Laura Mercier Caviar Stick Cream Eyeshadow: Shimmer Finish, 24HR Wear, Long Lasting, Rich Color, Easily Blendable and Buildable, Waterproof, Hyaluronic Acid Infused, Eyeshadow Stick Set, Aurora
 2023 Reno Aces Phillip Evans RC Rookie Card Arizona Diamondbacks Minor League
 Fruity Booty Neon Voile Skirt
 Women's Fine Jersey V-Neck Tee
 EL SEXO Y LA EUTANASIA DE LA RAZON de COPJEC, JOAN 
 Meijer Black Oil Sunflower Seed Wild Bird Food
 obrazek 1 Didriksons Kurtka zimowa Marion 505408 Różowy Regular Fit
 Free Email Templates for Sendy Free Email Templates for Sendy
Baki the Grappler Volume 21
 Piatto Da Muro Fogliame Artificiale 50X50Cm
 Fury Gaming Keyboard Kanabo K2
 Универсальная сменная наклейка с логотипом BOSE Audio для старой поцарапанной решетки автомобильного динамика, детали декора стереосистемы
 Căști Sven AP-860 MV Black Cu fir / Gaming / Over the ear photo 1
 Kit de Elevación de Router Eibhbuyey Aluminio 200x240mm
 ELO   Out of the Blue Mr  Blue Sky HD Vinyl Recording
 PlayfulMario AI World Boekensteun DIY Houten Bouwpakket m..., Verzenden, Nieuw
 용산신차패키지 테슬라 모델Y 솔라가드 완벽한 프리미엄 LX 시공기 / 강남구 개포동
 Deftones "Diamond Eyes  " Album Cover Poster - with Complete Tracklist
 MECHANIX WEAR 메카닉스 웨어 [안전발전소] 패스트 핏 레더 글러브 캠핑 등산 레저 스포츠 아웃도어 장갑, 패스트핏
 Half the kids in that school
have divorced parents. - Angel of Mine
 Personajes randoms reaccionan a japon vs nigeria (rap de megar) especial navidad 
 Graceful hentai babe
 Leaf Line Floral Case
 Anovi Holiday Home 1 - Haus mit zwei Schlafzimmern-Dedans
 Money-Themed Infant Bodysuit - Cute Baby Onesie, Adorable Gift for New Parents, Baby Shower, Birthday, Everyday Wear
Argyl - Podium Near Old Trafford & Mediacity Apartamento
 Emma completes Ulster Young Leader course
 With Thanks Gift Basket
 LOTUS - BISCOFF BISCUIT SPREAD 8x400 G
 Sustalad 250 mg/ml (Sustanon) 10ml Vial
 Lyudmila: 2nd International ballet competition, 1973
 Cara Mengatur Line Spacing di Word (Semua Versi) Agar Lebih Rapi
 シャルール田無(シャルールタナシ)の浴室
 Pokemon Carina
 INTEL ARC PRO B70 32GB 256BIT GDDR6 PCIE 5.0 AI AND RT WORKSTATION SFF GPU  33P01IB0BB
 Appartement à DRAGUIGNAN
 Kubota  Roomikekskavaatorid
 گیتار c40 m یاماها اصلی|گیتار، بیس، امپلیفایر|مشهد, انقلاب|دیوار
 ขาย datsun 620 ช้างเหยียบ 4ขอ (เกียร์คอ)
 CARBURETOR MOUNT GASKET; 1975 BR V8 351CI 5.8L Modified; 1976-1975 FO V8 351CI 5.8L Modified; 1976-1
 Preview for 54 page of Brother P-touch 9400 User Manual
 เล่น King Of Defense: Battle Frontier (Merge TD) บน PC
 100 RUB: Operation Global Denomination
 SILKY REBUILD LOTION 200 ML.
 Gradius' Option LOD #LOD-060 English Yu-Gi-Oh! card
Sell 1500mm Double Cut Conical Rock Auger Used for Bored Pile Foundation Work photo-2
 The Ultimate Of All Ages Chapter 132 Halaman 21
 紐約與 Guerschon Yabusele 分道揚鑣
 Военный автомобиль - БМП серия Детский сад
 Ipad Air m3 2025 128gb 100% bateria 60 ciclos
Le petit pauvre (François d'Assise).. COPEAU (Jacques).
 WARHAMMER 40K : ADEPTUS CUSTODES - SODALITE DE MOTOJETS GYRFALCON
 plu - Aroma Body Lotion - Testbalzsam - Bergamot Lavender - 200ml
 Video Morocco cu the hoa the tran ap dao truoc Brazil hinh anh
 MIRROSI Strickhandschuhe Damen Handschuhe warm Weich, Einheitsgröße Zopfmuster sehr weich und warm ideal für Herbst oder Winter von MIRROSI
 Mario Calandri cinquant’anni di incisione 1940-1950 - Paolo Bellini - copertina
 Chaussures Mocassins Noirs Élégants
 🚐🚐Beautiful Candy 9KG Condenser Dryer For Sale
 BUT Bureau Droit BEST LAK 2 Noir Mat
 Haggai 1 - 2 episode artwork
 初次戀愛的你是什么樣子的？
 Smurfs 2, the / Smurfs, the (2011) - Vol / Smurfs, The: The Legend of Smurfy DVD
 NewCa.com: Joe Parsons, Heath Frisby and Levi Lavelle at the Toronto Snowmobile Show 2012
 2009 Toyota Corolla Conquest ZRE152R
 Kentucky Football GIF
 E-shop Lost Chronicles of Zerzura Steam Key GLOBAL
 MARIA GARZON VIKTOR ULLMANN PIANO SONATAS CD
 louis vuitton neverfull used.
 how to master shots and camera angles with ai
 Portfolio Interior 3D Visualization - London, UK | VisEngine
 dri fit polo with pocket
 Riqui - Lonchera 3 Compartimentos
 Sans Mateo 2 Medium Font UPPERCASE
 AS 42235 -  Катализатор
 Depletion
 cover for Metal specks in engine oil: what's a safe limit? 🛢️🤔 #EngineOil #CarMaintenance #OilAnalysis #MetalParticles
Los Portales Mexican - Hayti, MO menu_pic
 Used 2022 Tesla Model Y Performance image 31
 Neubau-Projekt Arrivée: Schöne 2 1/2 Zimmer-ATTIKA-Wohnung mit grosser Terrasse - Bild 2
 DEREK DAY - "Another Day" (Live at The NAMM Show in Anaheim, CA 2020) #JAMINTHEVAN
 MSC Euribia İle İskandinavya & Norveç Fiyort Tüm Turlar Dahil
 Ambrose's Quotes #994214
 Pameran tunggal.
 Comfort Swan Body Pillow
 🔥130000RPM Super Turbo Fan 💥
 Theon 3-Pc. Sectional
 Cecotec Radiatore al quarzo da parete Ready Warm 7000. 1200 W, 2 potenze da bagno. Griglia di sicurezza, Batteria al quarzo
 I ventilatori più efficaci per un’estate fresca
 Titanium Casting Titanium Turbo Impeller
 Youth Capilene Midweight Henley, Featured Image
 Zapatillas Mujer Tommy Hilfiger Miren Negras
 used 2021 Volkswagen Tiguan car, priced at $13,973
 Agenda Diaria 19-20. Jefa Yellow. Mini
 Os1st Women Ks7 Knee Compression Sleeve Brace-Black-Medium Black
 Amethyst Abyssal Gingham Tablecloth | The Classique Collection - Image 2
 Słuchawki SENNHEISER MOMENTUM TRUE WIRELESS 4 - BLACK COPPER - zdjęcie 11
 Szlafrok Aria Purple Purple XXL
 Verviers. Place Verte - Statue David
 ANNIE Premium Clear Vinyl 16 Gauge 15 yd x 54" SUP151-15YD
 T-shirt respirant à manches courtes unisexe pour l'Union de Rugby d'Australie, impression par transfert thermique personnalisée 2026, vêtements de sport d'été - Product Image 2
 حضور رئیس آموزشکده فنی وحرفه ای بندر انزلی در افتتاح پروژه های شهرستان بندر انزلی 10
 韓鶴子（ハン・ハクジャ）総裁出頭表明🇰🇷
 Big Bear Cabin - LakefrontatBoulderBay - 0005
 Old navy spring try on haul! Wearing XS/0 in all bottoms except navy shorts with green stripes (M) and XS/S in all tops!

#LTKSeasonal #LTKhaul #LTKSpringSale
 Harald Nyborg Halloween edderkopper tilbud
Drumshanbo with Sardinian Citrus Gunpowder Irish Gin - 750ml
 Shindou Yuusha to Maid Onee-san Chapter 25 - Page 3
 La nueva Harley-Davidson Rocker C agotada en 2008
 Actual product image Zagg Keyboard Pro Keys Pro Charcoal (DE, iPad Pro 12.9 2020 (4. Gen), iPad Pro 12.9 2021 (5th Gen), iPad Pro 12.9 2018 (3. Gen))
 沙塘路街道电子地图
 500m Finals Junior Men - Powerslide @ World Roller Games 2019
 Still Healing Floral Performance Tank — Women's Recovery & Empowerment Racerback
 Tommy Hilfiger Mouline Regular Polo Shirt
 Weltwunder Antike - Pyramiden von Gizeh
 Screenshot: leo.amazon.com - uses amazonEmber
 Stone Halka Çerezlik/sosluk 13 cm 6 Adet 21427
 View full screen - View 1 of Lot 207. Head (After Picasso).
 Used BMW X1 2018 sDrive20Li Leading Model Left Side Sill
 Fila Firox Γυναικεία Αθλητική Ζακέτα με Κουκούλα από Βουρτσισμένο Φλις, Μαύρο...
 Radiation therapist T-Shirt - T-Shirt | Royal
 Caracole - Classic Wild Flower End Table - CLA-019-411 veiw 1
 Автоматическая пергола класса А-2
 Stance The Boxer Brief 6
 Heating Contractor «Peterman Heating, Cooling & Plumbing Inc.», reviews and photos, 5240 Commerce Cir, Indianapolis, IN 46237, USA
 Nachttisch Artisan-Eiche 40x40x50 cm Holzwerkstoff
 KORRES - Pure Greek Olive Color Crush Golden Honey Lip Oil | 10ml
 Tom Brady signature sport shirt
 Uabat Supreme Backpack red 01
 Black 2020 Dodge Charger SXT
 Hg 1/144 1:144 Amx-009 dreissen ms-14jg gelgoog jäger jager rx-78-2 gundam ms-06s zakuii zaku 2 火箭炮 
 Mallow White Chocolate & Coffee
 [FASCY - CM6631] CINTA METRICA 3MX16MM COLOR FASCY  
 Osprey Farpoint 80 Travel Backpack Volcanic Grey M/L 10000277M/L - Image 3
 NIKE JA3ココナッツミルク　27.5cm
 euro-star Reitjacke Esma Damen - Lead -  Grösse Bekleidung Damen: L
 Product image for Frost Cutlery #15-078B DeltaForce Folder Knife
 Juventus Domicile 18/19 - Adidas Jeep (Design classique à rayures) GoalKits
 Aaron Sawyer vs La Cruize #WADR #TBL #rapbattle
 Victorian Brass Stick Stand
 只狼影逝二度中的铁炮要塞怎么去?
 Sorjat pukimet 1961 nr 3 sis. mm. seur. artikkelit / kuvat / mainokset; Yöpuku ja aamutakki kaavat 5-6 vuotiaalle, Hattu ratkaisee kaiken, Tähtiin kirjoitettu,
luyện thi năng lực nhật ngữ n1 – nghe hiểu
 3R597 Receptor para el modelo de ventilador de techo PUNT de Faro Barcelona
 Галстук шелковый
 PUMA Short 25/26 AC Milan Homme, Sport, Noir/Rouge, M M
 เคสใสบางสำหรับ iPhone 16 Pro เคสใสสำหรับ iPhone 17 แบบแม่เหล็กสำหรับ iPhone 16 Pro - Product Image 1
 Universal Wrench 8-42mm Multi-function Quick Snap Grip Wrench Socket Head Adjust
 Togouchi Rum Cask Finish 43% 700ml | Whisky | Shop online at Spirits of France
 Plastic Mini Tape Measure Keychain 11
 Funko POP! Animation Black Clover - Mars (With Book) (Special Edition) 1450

TRY IT:
Across the entries, tally every line that contains the word "Gift" and report the sum by itself.

RESPONSE TO THE TASK:
2